Led by caretaker Ramzan Shaikh, we climb up to the second floor, the doorways are guarded by little rangoli designs - called âchalk' by the residents - depicting fish, an auspicious symbol among the Parsis. Standing outside resident Paricha Sidhwa's home, we understand why Dilawari says that Cama Building is an oasis. The frenzied traffic of nearby Maratha Mandir is blissfully missing and all you hear are the sounds of children at the trust's girls' school, chirping sparrows and the suspicious growls of Sidhwa's pet dog.
We catch a view of a white-washed well at one end of the courtyard. It is surrounded by a grove of trees and a deck of lanterns placed by the residents. "Water is sacred to us, so we light these lamps. Now, water is not easily available in this well because of the high-rises around us, but in the monsoon, it fills up," says Cooper's wife, Dhan. The well was built in 1900, two years after the building for Rs 400.
Restore or redevelop?
"I wasn't called to restore Cama Building from the point of view of conservation; it was just that it needed urgent attention. The roof was leaking, the wooden beams were rotting and the building needed structural reinforcement," says Dilawari, who was assisted by his staff Altaf Muwal and contractor Cyrus Unwala on this project. New teakwood beams, similar to the existing ones, have now been fitted. The old ones have withstood Mumbai's balmy weather for more than a century. More practical measures, such as awnings and translucent windowpanes to allow more natural light, have been added seamlessly to the old structure. "The existing lifestyle of the residents is a living tradition which is to be retained. It may be through the use of verandahs to look onto the street, watching children in the compound, sitting back and enjoying a cup of tea with the Sunday issue of the community newspaper, Jam-e-Jamshed or buying groceries from vendors pushing their carts along the shaded Gilder Lane," says Dilawari, as a little debate ensues between him and Cooper over which breeze - westerly or north-easterly - comes wafting into the wide
verandahs.
While Cama Building looks like a chawl, Murzban was foresighted in making sure that the experience wouldn't be a stressful one. Each house, therefore, comes with its own attached toilet and a separate water line. Right opposite Cama Building, however, what would have been once a gentle view of roofs with Mangalore tiles and canopies is now the direct offence of a high-rise's car park that came up a decade ago. That plot, didn't belong to the trust and formerly housed a tiled-roof building similar to the rest in the colony.
"By recognising Cama Building internationally, the UNESCO is trying to promote a philosophy, that redevelopment of buildings like these into high-rises is not the only solution," says Dilwari. The cost of restoring Cama is Rs 607 per sq ft. It may seem steep, but it is more efficient than overhauling the building.

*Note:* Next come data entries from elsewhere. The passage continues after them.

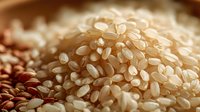 Close-up of raw brown rice grains with warm lighting, showcasing natural texture and varying shades from light beige to darker brown for culinary and food photography use.
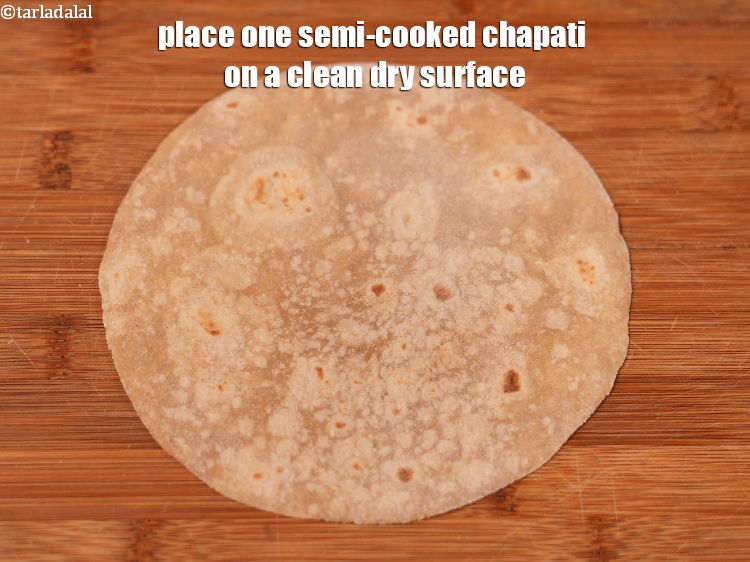 Step 11 – Place one semi-cooked chapati on a clean dry surface.
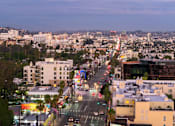 Thumbnail 61 of 117 - A city street with buildings and cars at dusk. at Skyview Sunset, Los Angeles, CA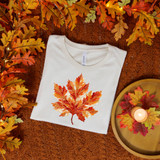Painted Maple Leaf DTF Heat Transfer, an orange-red painted maple leaf design on a white t-shirt, surrounded by fall leaves and a lit candle on a wooden tray.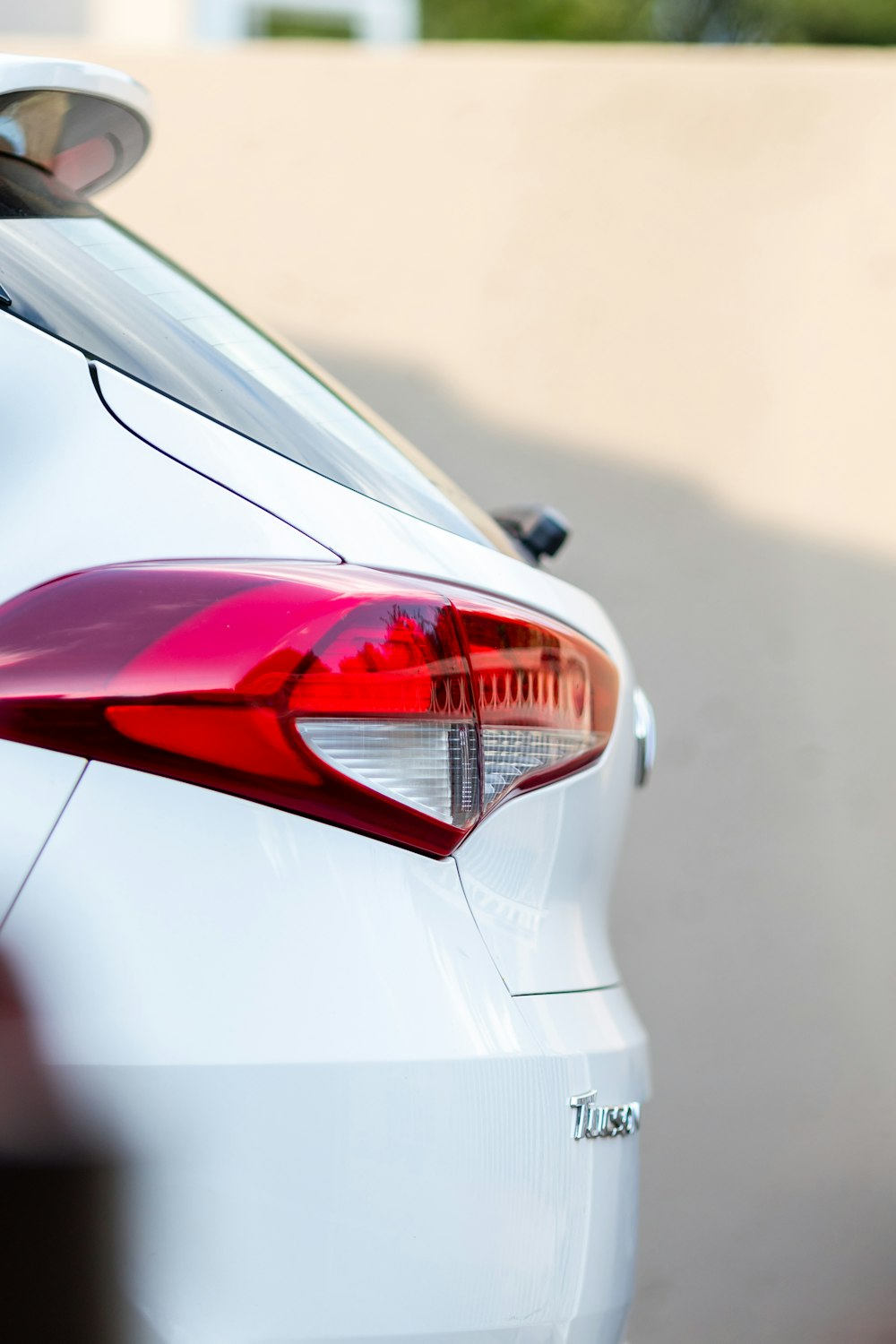 a close up of the tail light of a white car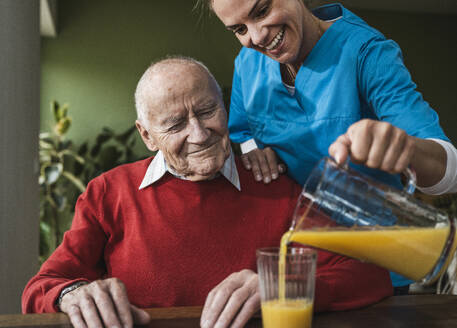 Glückliche Krankenschwester gießt Saft in Glas für älteren Mann am Tisch - UUF29975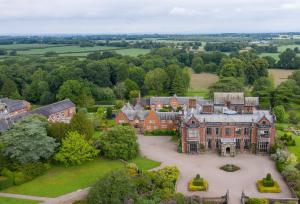 an aerial view of a large house with a courtyard at Laundry Cottage in Pickmere
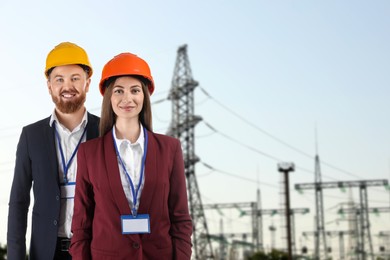 Image of Power engineers in hard hats against electrical substation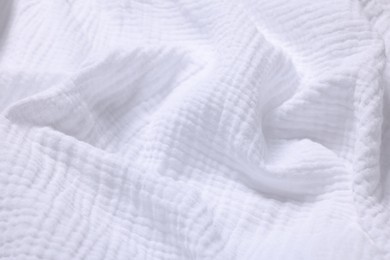 Texture of white crumpled fabric as background, closeup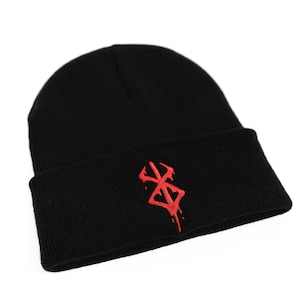 May include: Black knitted beanie hat featuring a red embroidered emblem on the front. The emblem is a stylized symbol with a dripping effect. The hat has a folded cuff and a rounded crown.
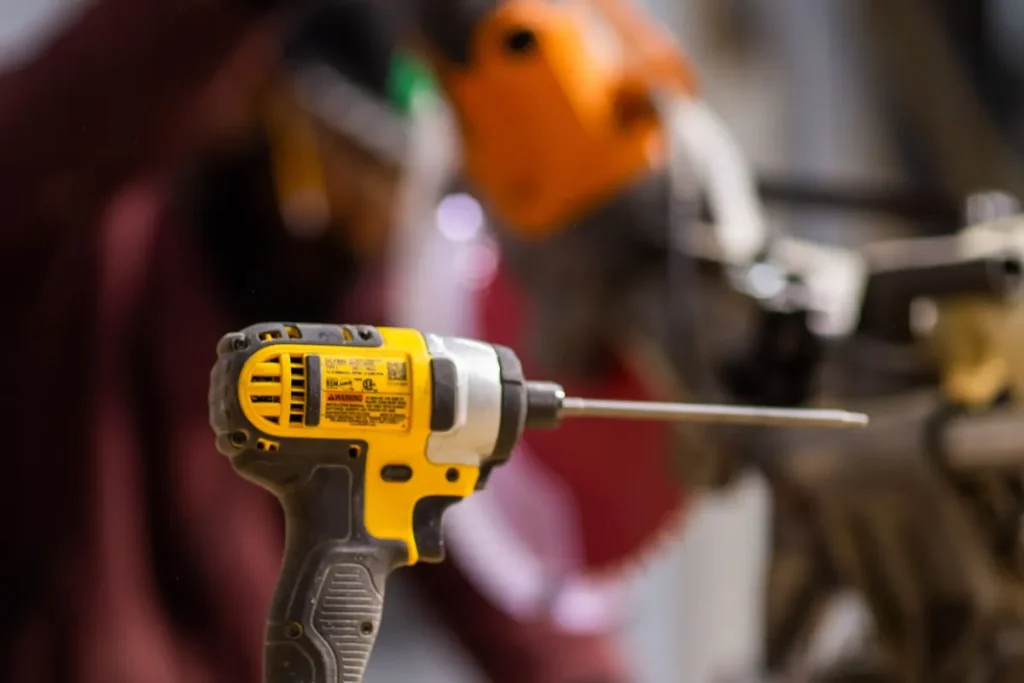 Cordless drill on a workbench for garage door opener repair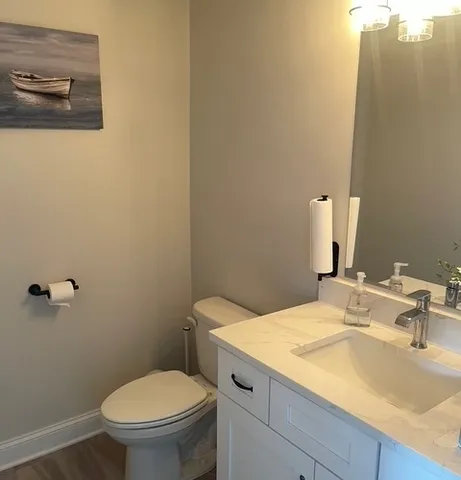 a large spacious bathroom with a granite countertop sink and a window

However, Dilawari says that the greatest challenge to the project, which began in 2010, came in the form of the very people it was meant for. Residents were not shifted to transit homes and work on interiors followed only in flats where they were permitted. "We understood the residents' anxiety - if they were temporarily shifted somewhere, would they come back to this flat? They have heard similar instances happening around in Mumbai," says Cama.

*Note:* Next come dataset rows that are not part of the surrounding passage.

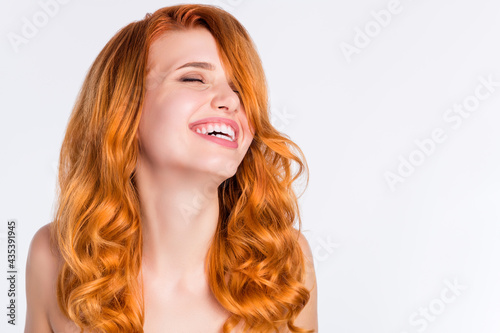 Photo portrait of girl with curly red hair laughing overjoyed dreamy smiling isolated white color background with empty copyspace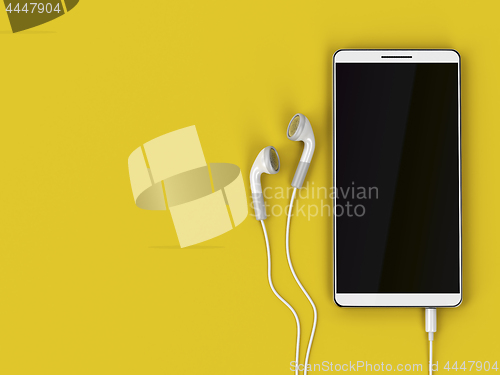 Image of Smartphone and wired earphones on yellow background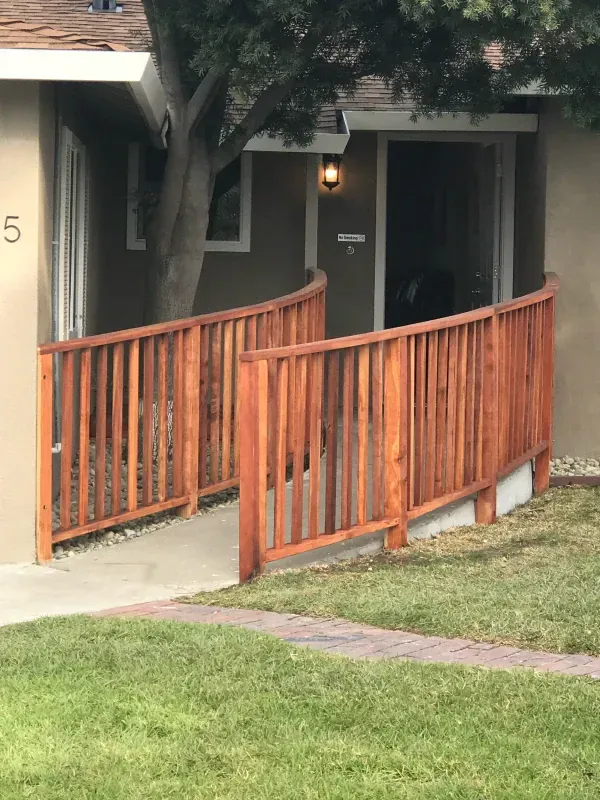 A wooden fence with a ramp leading to a house
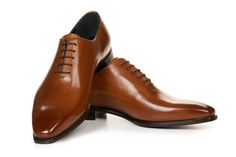 Made from a single piece of Italian calfskin leather, this gorgeous wholecut oxford has a sleek profile that's guaranteed to turn heads. Runs full size large (order full size down from regular US dress shoe size). For example, if you normally wear a size US 10 dress shoe, order a size 9 Alternatively, order one and a half sizes below your Brannock device measurement. For example, if you measure a 10 on the Brannock, order a size 8.5 Full-grain Italian calfskin leather upper Matching leather sole Classic Cognac Plain Toe Oxfords, Formal Cognac Oxfords, Cognac Leather-lined Oxfords For Business, Luxury Cognac Oxfords For Semi-formal Occasions, Cognac Shoes, Semi-formal Leather Oxfords In Cognac, Paul Evans, Single Piece, Cognac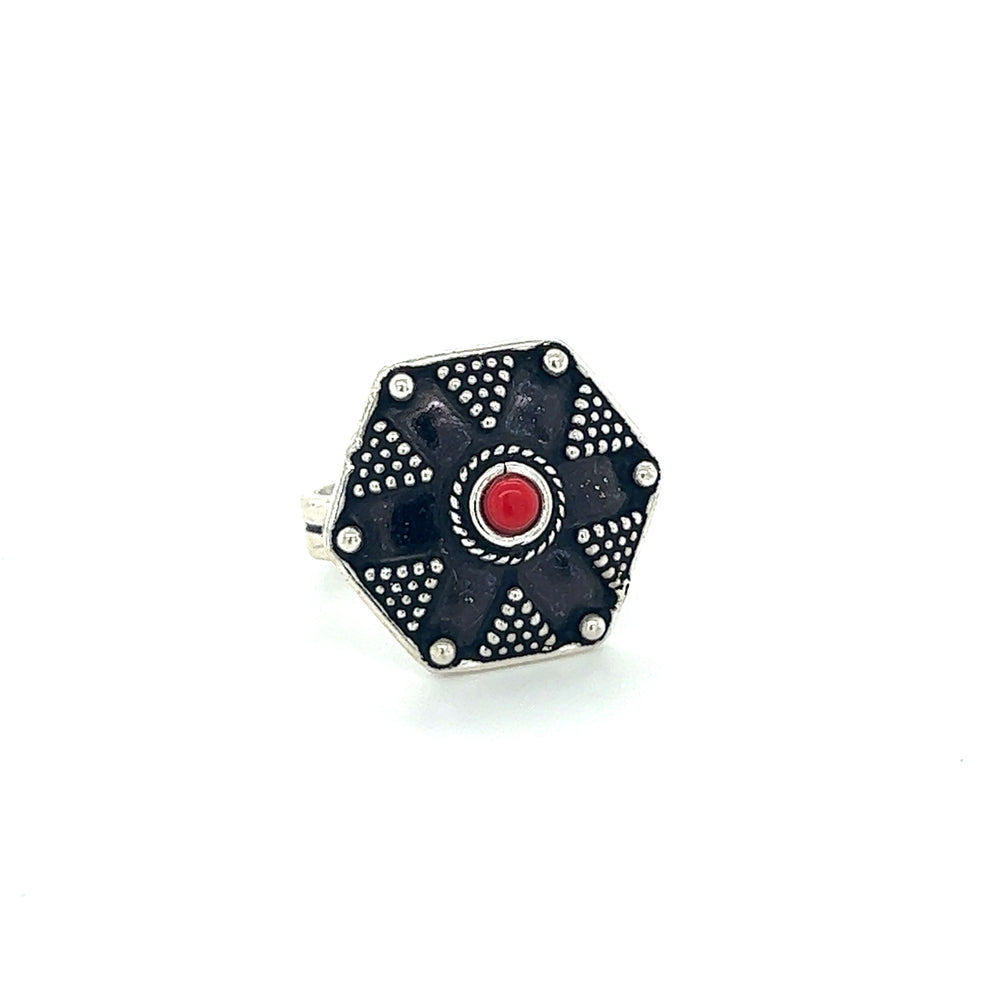 
                  
                    A stunning Tibetan-Style Ring with Small Stones featuring a black and red band adorned with a vibrant red stone.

Cooper, however, warns himself and his neighbours of growing too used to the trust's support. He says, concerned, "Even if it's hammering a nail, we want the trust to do it." With a UNESCO tag, the residents, some living here for generations, will take ownership of safeguarding their building more dearly. But, like the bank clerk, Gustad Noble in Such a Long Journey, Cama Building's tryst with survival in maximum city seems far from over.